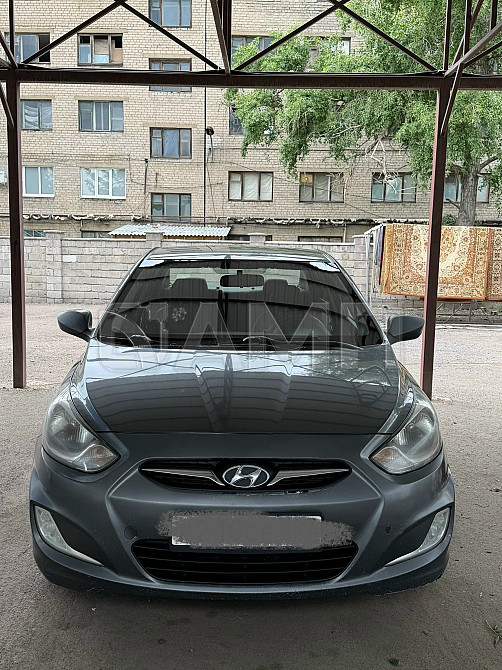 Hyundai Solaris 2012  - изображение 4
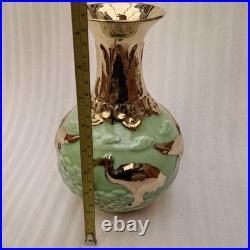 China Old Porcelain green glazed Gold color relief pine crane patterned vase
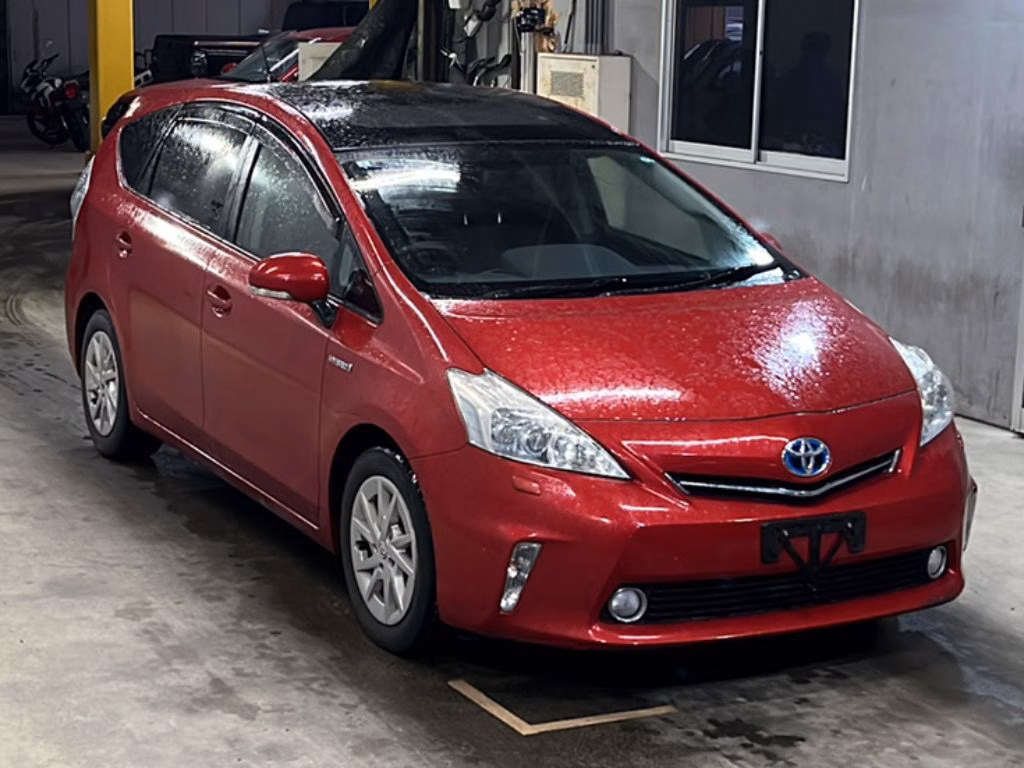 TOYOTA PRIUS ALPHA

Your instructions: Your copy must start at the line that holds "China Old Porcelain" and end at the last line of the data, both included; it must contain no pictures.

Response area:
 China Old Porcelain green glazed Gold color relief pine crane patterned vase
 TOYOTA PRIUS ALPHA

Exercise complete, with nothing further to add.